Weakness in Pricing Lowers Reinsurers’ Q1 2014 Profits

By and Caroline Copley | May 7, 2014

Swiss Re and Hannover Re, the world’s no. 2 and 3 reinsurers, said they saw lower prices in natural disaster reinsurance and April renewals, as they beat profit expectations in the first quarter.

Fewer serious natural disasters, as well as competition from pension funds pouring money into the reinsurance industry, have crimped the pricing power of reinsurers.

Both insurers stressed on Wednesday they would focus on profitable areas of business rather than growing premium volume, to try to ride out a decline in pricing.

“We are not slaves to volume, and we will certainly not write business to fulfill some top line aspirations,” said Swiss Re Chief Executive Michel Lies.

The Zurich-based reinsurer said prices for natural catastrophe reinsurance had felt the greatest price pressure for the quarter, while other segments were mixed.
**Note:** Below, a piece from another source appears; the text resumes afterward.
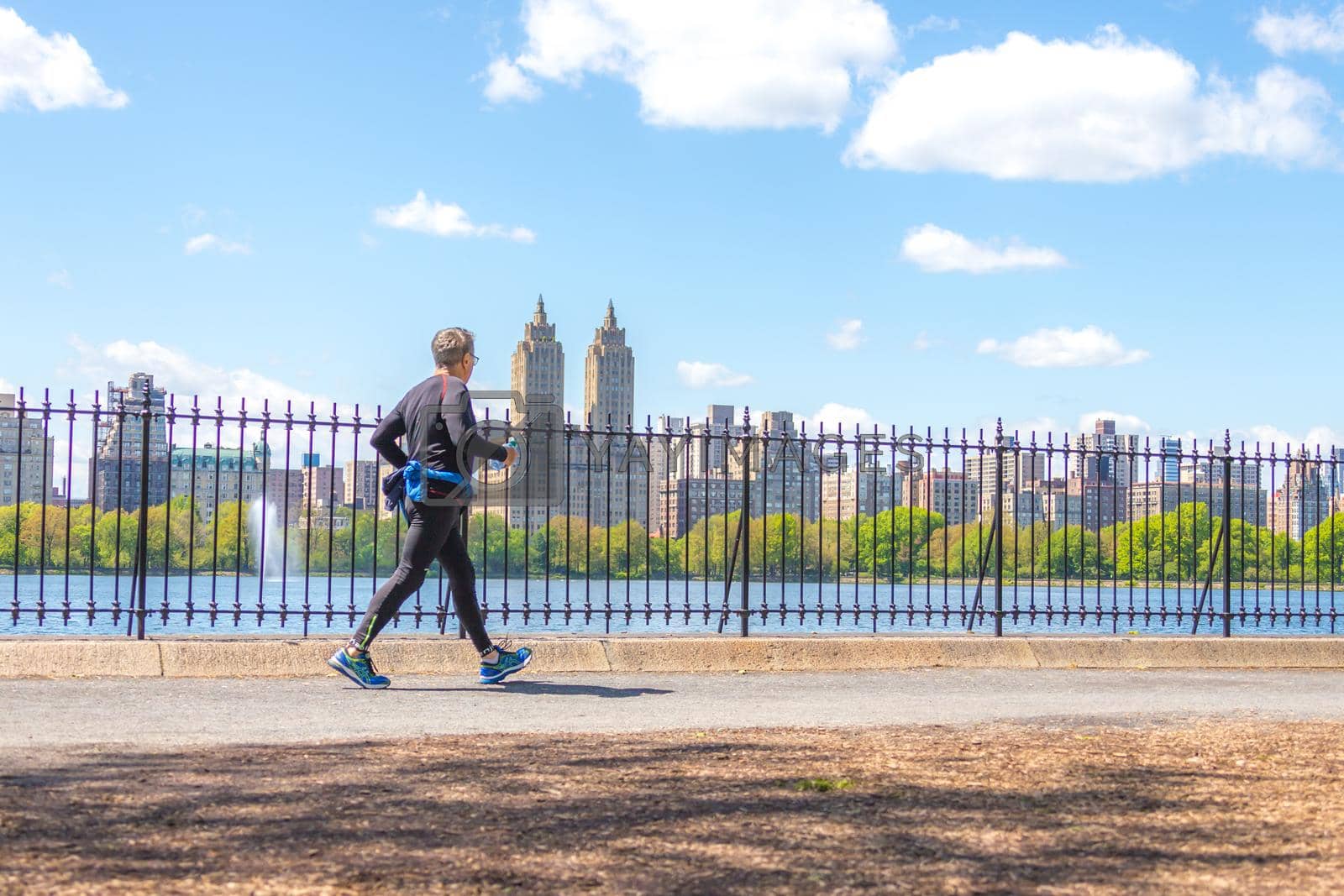 NEW YORK, USA - 15 MAY, 2019: Jogger running along Central Park reservoir in New York. Central Park is full of active people throughout the year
It declined to give specific detail, playing down the impact of weaker prices when annual reinsurance contracts with insurance company clients were renewed in April. “Prices are coming down, but I would like to stress they are still at attractive levels,” Lies said.

The Swiss reinsurer said it wrote less natural catastrophe business but group volumes rose 14 percent during April renewals on tailored large transactions and expansion into casualty, which had seen profitable growth in all regions.

Hannover Re said it accepted a decline in premium volume after a “fiercely competitive” first quarter in property and casualty, which covers the non-life reinsurance business, to focus on more profitable areas.

The German reinsurer’s total gross premiums for non-life declined 4.1 percent in the first three months of the year to €2.1 billion ($2.925 billion) compared to last year.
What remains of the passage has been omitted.